Naturellement, l’existence d’un ’Etat-social’ n’est pas, selon Habermas, sans conséquence sur la nature des rapports entre l’Etat et les citoyens et, par voie de conséquence, sur le comportement politique et électoral de la population. En effet, le bénéficiaire d’une prestation sociale ne fait pas preuve vis-à-vis de l’Etat d’une attitude politique; il se borne à exprimer une demande spécifique et à attendre qu’elle soit prise en charge: ‘Dans le cadre de l’Etat-social, qui surtout administre, distribue et assiste, les intérêts ’politiques’ des citoyens, constamment soumis à des actes administratifs, se réduisent essentiellement à des revendications liées à tel ou tel secteur professionne’ l’ 46 . Or, ces revendications ne peuvent revêtir une quelconque efficacité que si elles sont prises en charge par les ’grandes organisations’, notamment les syndicats.
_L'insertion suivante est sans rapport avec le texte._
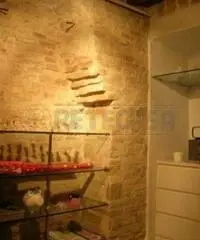 Bilocale in vendita a Ancona, CENTRO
Quant aux questions ne relevant pas de ce domaine, et qui pourraient encore faire l’objet d’une réflexion et d’un vote individuels, elles sont en réalité prises en charge par les partis politiques qui proposent des choix qui s’expriment à l’occasion des scrutins.

On est donc bien loin du modèle originel de la sphère publique politique, dans la mesure où l’on est passé d’une ‘participation continue à l’exercice de la raison en prise directe sur les pouvoirs publics’ 47 au développement par les partis politiques de ‘tâches authentiquement publicitaires dont le but est de fabriquer périodiquement (...) une sorte de ’publicité’. Désormais, les campagnes électorales n’ont plus pour origine la lutte ininterrompue des opinions dans le cadre d’une sphère publique garantie par les institutions’ 48. Elles visent au contraire à la production d’une pseudo ’opinion publique’, qui ‘peut d’autant moins intervenir en tant qu’opinion publique et d’autant moins rationaliser l’exercice du pouvoir politique et social, qu’elle est produite sur le mode ’démonstratif’ et manipulatoire afin de répondre aux objectifs plébiscitaires du vote abstrait qui s’effectue dans le seul cadre d’une sphère publique fabriquée à titre temporaire’ 49 .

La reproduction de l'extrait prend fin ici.